● What to produce
Your task is to copy every line of the entries that contains "Vintage".

● Data in this exercise
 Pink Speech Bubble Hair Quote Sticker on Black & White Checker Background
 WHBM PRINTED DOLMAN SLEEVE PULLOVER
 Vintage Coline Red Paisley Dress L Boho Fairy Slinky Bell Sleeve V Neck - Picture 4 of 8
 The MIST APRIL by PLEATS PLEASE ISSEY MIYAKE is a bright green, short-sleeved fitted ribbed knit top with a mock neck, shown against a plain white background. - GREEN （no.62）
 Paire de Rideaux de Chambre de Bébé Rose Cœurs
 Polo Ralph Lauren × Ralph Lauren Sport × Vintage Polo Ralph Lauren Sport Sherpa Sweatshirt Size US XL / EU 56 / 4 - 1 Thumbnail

● The completed task
 Vintage Coline Red Paisley Dress L Boho Fairy Slinky Bell Sleeve V Neck - Picture 4 of 8
 Polo Ralph Lauren × Ralph Lauren Sport × Vintage Polo Ralph Lauren Sport Sherpa Sweatshirt Size US XL / EU 56 / 4 - 1 Thumbnail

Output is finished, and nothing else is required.